▶ _Problem_:
Copy all data exactly. Skip pictures.

▶ _Input data_:
....................
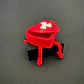 Caja De Amor Articulada - San Valentín - Miniatura 4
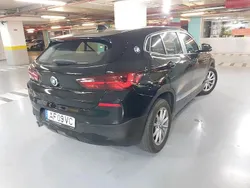 Preto Usado 2021 BMW X2 SUV | € 26.800 (Preço justo)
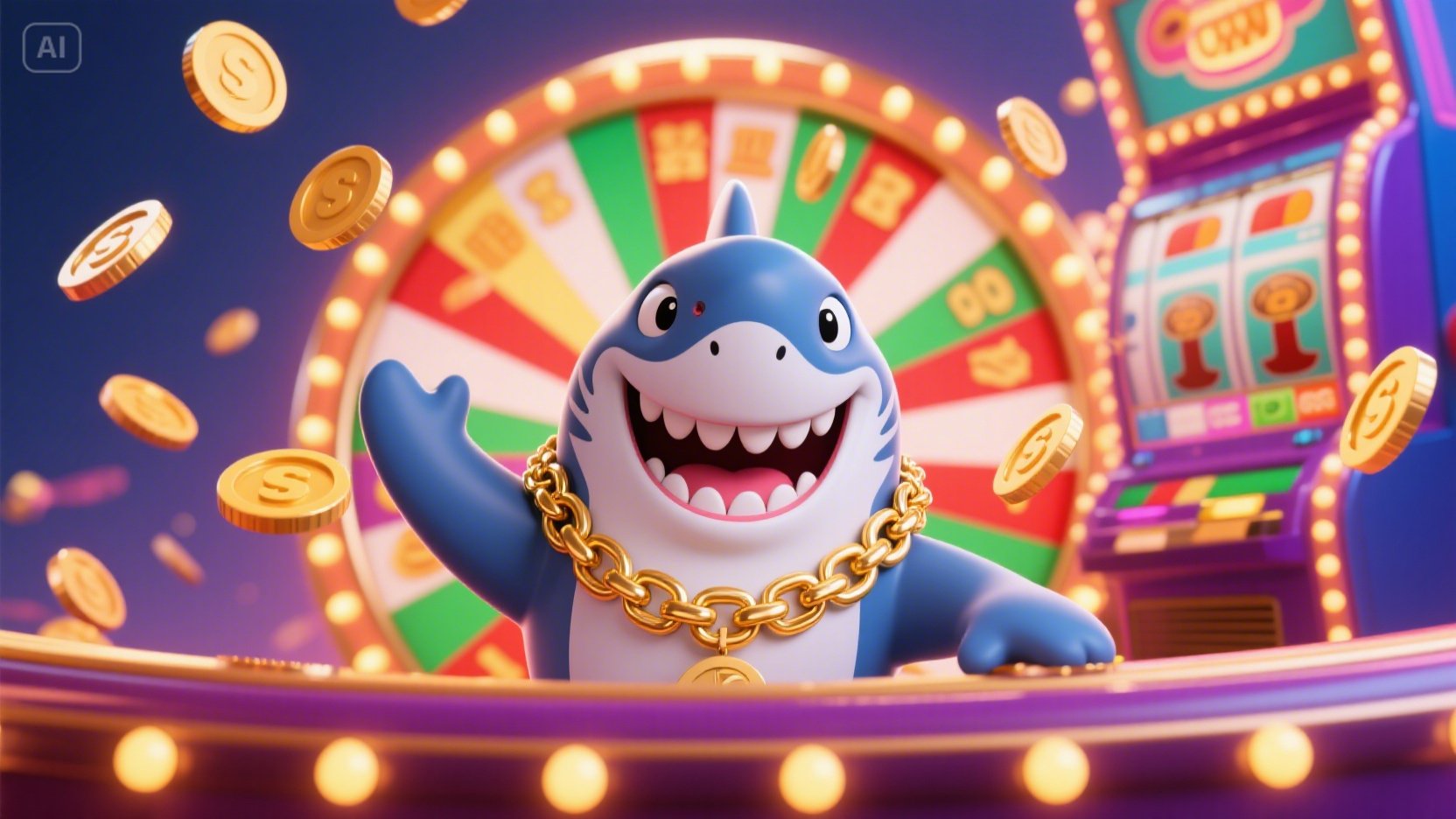 Registration at DuxCasino Casino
....................
▶ _Answer to the exercise_:
 Caja De Amor Articulada - San Valentín - Miniatura 4
 Preto Usado 2021 BMW X2 SUV | € 26.800 (Preço justo)
 Registration at DuxCasino Casino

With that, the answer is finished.